The observed and expected 95 % credibility level upper limits on the a \(Z^\prime \), b \(\tau \) sneutrino (\(\tilde{\nu }_{\tau }\)) and c QBH ADD and RS production cross-section times branching ratio in decays to an \(e\mu \) final state. The signal theoretical cross-section times branching ratio lines for the \(Z'\) model, the QBH ADD model assuming six extra dimensions and the RS model with one extra dimension are obtained from the Monte Carlo generators simulating each process, while the RPV SUSY \(\tilde{\nu }_{\tau }\) includes the NLO K-factor calculated using LoopTools [38]. The expected limits are plotted with the ±1 and ±2 standard deviation uncertainty bands

Fig. 3
figure 3

The observed and expected 95 % credibility level upper limits on the (a) \(Z^\prime \), (b) \(\tau \) sneutrino (\(\tilde{\nu }_{\tau }\)) and (c) QBH ADD and RS production cross-section times branching ratio in decays to an \(e\tau \) final state.
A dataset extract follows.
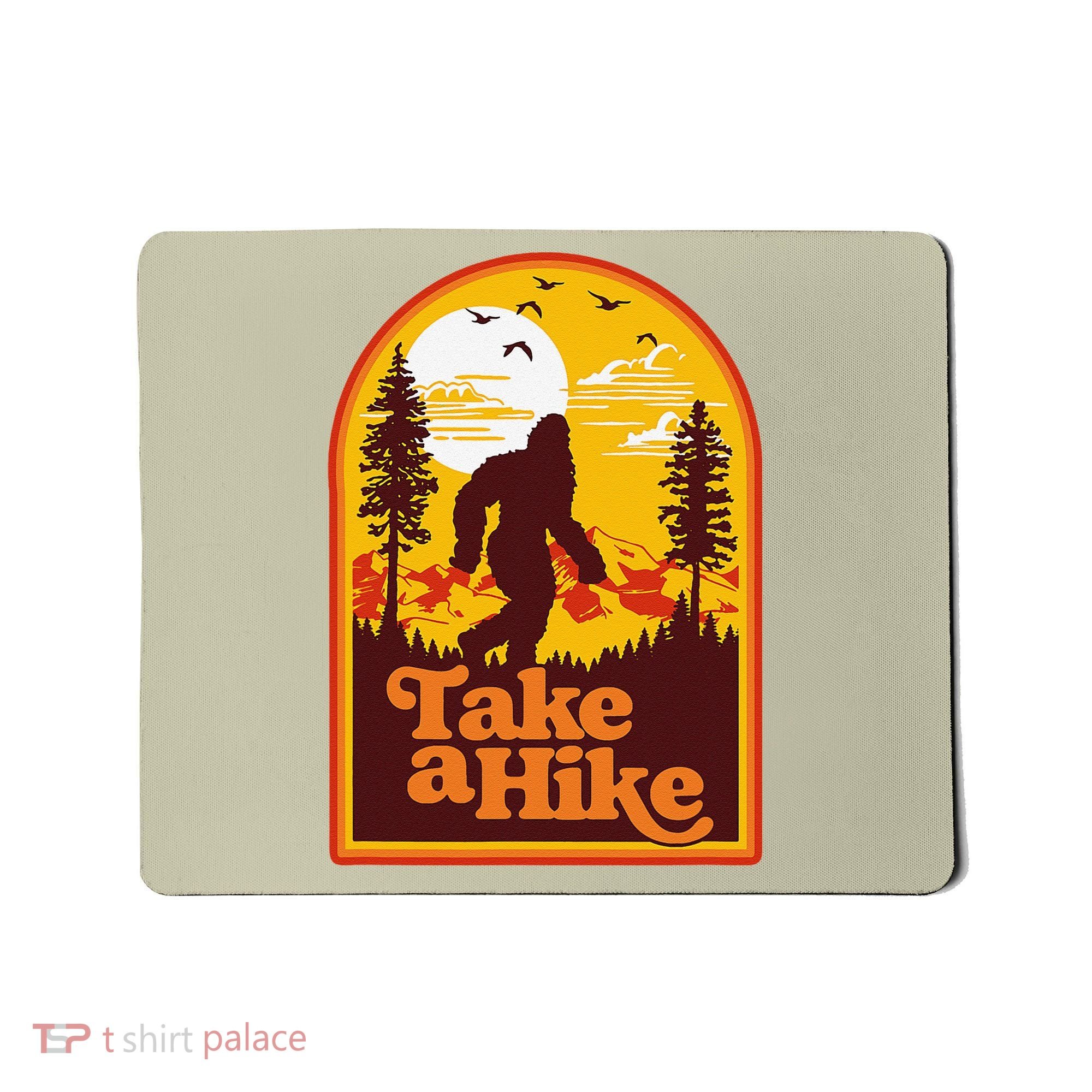 Take A Hike Bigfoot Earth Day Retro Sasquatch Hiking Camping Mousepad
The signal theoretical cross-section times branching ratio lines for the \(Z'\) model, the QBH ADD model assuming six extra dimensions and the RS model with one extra dimension are obtained from the Monte Carlo generators simulating each process, while the RPV SUSY \(\tilde{\nu }_{\tau }\) includes the NLO K-factor calculated using LoopTools [38]. The expected limits are plotted with the \(\pm 1\) and \(\pm 2\) standard deviation uncertainty bands

Fig. 4
figure 4

The observed and expected 95 % credibility level upper limits on the a \(Z^\prime \), b \(\tau \) sneutrino (\(\tilde{\nu }_{\tau }\)) and c QBH ADD and RS production cross-section times branching ratio in decays to an \(\mu \tau \) final state. The signal theoretical cross-section times branching ratio lines for the \(Z'\) model, the QBH ADD model assuming six extra dimensions and the RS model with one extra dimension are obtained from the Monte Carlo generators simulating each process, while the RPV SUSY \(\tilde{\nu }_{\tau }\) includes the NLO K-factor calculated using LoopTools [38]. The expected limits are plotted with the \(\pm 1\) and \(\pm 2\) standard deviation uncertainty bands

Table 3 Expected and observed 95 % credibility level lower limits on the mass of a \(Z^\prime \) with lepton-flavour-violating couplings, a supersymmetric \(\tau \) sneutrino (\(\tilde{\nu }_{\tau }\)) with R-parity-violating couplings, and the threshold mass for quantum black hole production for the ADD \(n=6\) and RS \(n=1\) models. Limits for all channels are reported

9 Conclusions

A search for a heavy particle decaying into an \(e\mu \), \(e\tau \) or \(\mu \tau \) \((\ell \ell ^{\prime })\) final state is conducted, using 3.2 fb\(^{-1}\) of \(\sqrt{s}=13\) TeV proton–proton collision data recorded by the ATLAS detector at the Large Hadron Collider. The data are found to be consistent with the Standard Model prediction in both the validation region (\(m_{\ell \ell ^{\prime }}<600\) GeV) and search region (\(m_{\ell \ell ^{\prime }}>600\) GeV). With no evidence of new physics, Bayesian lower limits at 95 % credibility level are set on the mass of a \(Z^\prime \) vector boson with lepton-flavour-violating couplings at 3.0, 2.7 and 2.6 TeV separately for \(e\mu \), \(e\tau \) and \(\mu \tau \) pairs, and a supersymmetric \(\tau \) sneutrino (\(\tilde{\nu }_{\tau }\)) with R-parity-violating couplings at 2.3, 2.2 and 1.9 TeV. The results are also interpreted as limits on the threshold mass for quantum black hole production. The exclusion limits extracted on the mass of a \(Z^\prime \) and the supersymmetric \(\tau \) sneutrino extend by around 20 % those reported by ATLAS and CMS using the full dataset at \(\sqrt{s}\) = 8 TeV.